12 Kilsek October 7, 2011 at 11:43 pm

Harder, or rather more *exciting* magic item identification would help the balance some more wonder into the mechanics of magic items.

That is, all you have to do now is fit in the already dull, very mechanical, but expected short rest. Everyone handles each item for a few minutes while they catch their breath, dress their wounds, check their gear, and so forth. And that’s it… not very exciting.

I’m not sure creating an Identify Magic Item ritual is the best answer, but it definitely a solution that could be fun. It’s just rituals already feel so underused, burdensome and/or forgotten already, so I’m not sure they can save the wonder of magic items.

Great food for thought though – without question, there’s a great opportunity here for balanced flavor-crunch solutions here, similar to the wondrous balance struck between magic item lore, description and mechanics found throughout Mord’s Magnificent Emporium.

Hmmm… now you’ve really got me thinking about the possibilities!
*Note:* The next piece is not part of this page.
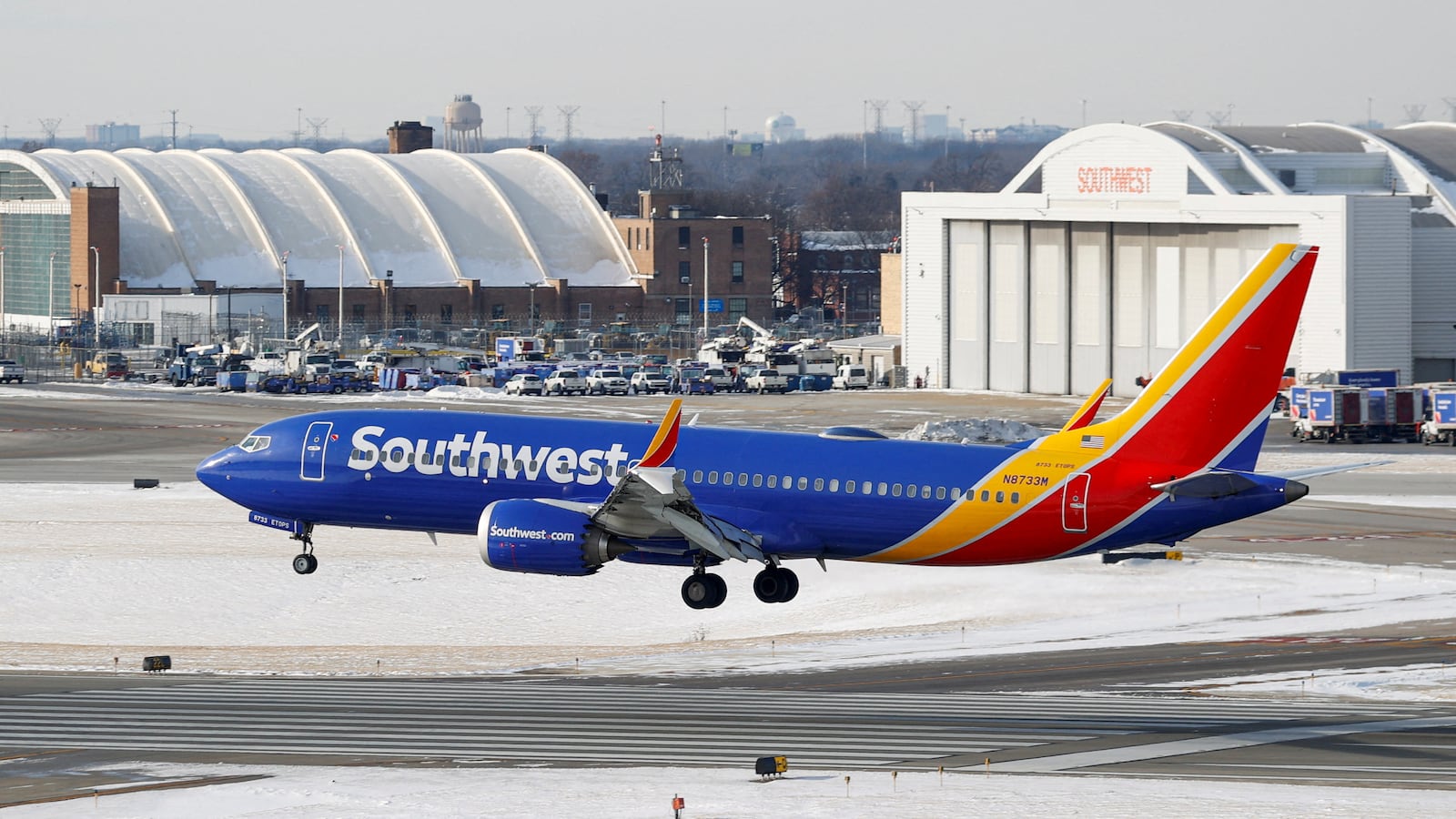 A Southwest Airlines plane lands at the Chicago Midway International Airport.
13 Anaxeto October 8, 2011 at 10:01 pm

Yep. Seems those of us running our 3rd or 4th campaigns are seeing the same cracks in the paint of 4E. Rituals are still the most under used resource in my campaign. Potions with smells/tastes awesome. There is a print dragon mag article with potion descriptions and unless my memory has gone squishy includes the almond reference. If not we have read the same book, as I always get a laugh when I describe the almond taste and a new player atnthe table groans and says “cyanide?”

Another great article, Cheers!

14 david October 8, 2011 at 11:15 pm

I also find that the “new” rules for identifying magic items boring as well and I don’t mind the extra added record keeping involved if players are using various magic items haven’t formally identified them.
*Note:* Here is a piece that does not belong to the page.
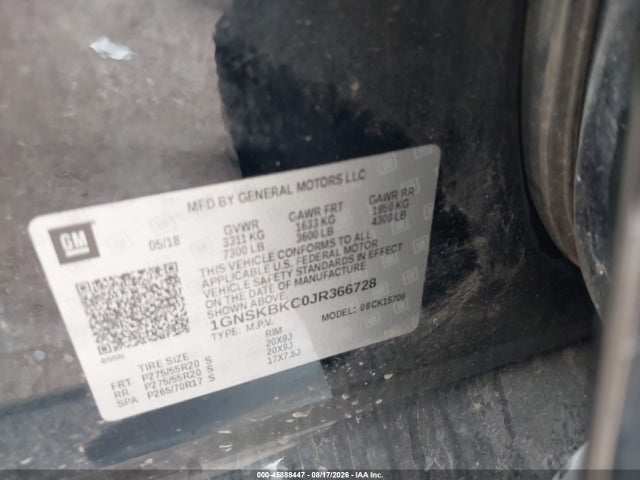 Aukcja sprzedaży 2018 Chevrolet Tahoe Lt, vin: 1GNSKBKC0JR366728, numer aukcji: 45888447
What I ended up doing is making a combination of 1st ed identify spell and a combo spellcraft skill check. The identify spell will identify if items are indeed magical and possibly what “aura” but for the most part thats it, then the wizard/sage/etc examines the item (so if a cursed item they will be affected, no getting around it as to determine things you must touch, pull, prod, recite possible command words, etc.) and then a skill check is made, the higher the skill check the more about the item that is revealed. A lowly +1 sword might need only a 15 or higher on a skill check, while a +5 Wand of Goblin Slaying, Might require 20-25, and a multi effect staff or artifact might require either multiple checks or if a certain check fails only “some” knowledge is gained. One thing I did do was instead of requiring multiple spell components as in first edition or a sole specific one like in 2nd or 3rd edtion I made it so you could use 4 items to cast the initial identify spell. I also made eschew spell components a skill so that you can put ranks into it and you’re able to ignore more and more spell components and values rather than just a take this once and you can ignore pretty much everything for the rest of the game.

What wizard would need a dungeon delve done for him if all he had to do was take the echew feat eh? Many of adventurers would be out of jobs! hehe.